Research

Working Papers

Climate Change and Cooperation: an Efficiency-Based Perspective 

Abstract  The emissions of greenhouse gases produced by a country contribute to global warming and therefore constitute a source of negative externalities for other countries. I study three different forms of Climate Protocols and find to what extent each of them makes countries internalize their negative spillovers, cut emissions, and contrast global warming. The first protocol consists of a global tax on production, the second of a joint investment initiative into productive capital, and the third combines joint capital investment and state-and-policy-contingent inter-country transfers. Under log utility and full capital depreciation, the third protocol is the only one that attains the social optimum. The first protocol leads to reduced emissions, while the second protocol provides consumption insurance across countries (in relative terms). All protocols improve upon the laissez-faire scenario. If the protocol's design must be robust against the unilateral withdrawal of signatory countries, the first protocol attains higher welfare than the second one. 


Public Debt and Growth in a Democracy with Partisan Politics (with Lancia F. and Russo A.)

Abstract  We examine the strategic relationship between public investments and pork barrel spending, along with public debt, when spending-biased political parties alternate stochastically in power. The driving force of the model is the intergenerational conflict over the allocation and financing of the public budget. Successive generations of voters choose fiscal policies through repeated elections. We characterize the Markov-perfect equilibrium of the voting game and show that the party biased towards public investments exhibits less discipline compared to the party favoring pork barrel spending. The increased growth resulting from public investments raises the likelihood of indebtedness, ultimately restraining public spending in the long run. Our findings shed light on the coexistence of rising debt and political cycles observed in modern economies.
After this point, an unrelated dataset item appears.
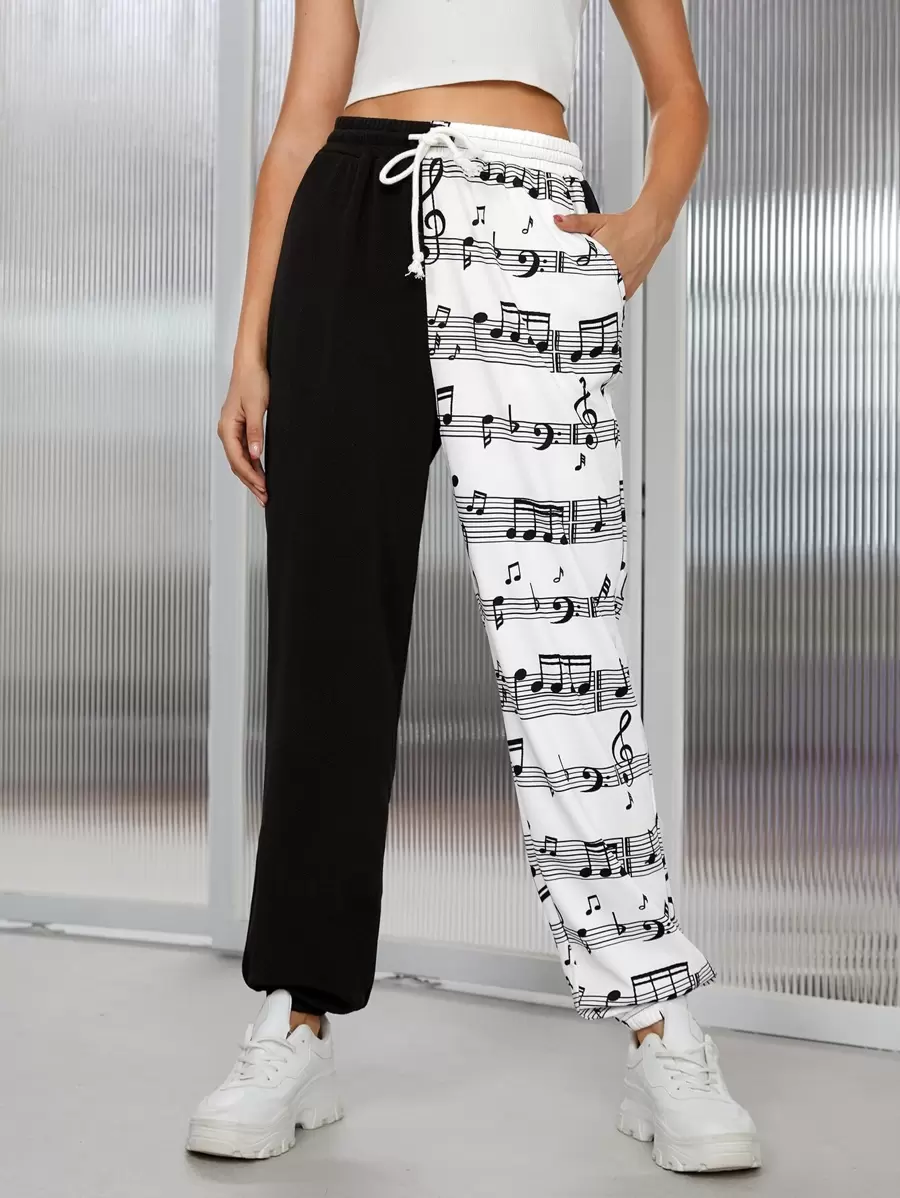 Muchica Pantalones con estampado de nota musical de color combinado con cordón - Blanco y Negro - Ver 1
Optimal Welfare-to-Work Programs with Worker Profiling

Abstract  Profiling plays a crucial role in welfare-to-work programs by categorizing unemployed individuals based on their job-finding probability and referring them to the appropriate labor-market policies. An optimal profiling strategy is obtained by incorporating dynamic learning about recipients' abilities within a principal-agent framework. The paper finds that the optimal profiling approach allows a certain percentage of low-skilled workers to perceive themselves as high-skilled, leading to their inclusion in delegated job searches alongside genuinely high-skilled workers (positive type II error). This occurs when the government prioritizes incentivizing overly optimistic low-skilled workers to actively search for employment, rather than directing them to passive labor-market policies. Conversely, high-skilled workers are consistently accurately classified as such, ensuring they are not referred to passive policies (no type I error). The implementation of an optimal profiling strategy in the United States is estimated to result in average per-capita net-present savings of $27,925. 





Other Projects


Dynamic Network Games (with S. Ruìz Palazuelos)

Abstract We provide sufficient conditions for the existence of a stationary Nash equilibrium in a network game where each node’s utility is a function of her friends, and her friends of friends. In each period, each node strategically decides which link to create upon payment of a flow cost. In every period, a node is also subject to an iid shock that enables her to erase an existing link. The equilibrium is stationary when no new link is created, nor any existing link is deleted. In case multiple equilibria exist, we specify initial conditions for the network to converge to any specific equilibrium.


Measuring Social Cohesion in Social Networks (with S. Ruìz Palazuelos)

Abstract Statistical metrics designed to quantify clustering patterns typically concentrate on triads, which are groups of precisely three nodes at a time. While these measures are valuable, a graph's clustering characteristics may possess attributes that go beyond what can be discerned when we confine our analysis to these specific measures. We propose a more general measure of social cohesion based on a combination of different network properties. The proposed measure goes beyond the clustering coefficient, the typical measure of social cohesion in networks.


Worker Profiling and Reemployment Services 

Abstract  A risk-neutral government, who provides risk-averse unemployed workers with welfare support, finds it optimal to match workers with active or passive labor-market policies, based on workers' human capital. However, when human capital is subject to two-sided uncertainty, the government can decide either to detect it via profiling, or to form expectations about it and match workers and policies accordingly. The paper delivers two findings. First, the government's return from worker's search is increasing and concave in expectations, due to hyperbolic decreasing incentive costs and linear increasing labor taxes upon reemployment. Second, the concavity of returns causes the value of information to be negative for high-end expectations, whenever the loss from putting low-skilled workers at rest outweighs the gain from lowering search incentives to high-skilled workers. If so, profiling should not fully detect human capital, but rather boost the expectations of a share of low-skilled workers and persuade them to search for re-employment at a lower incentive cost for the government.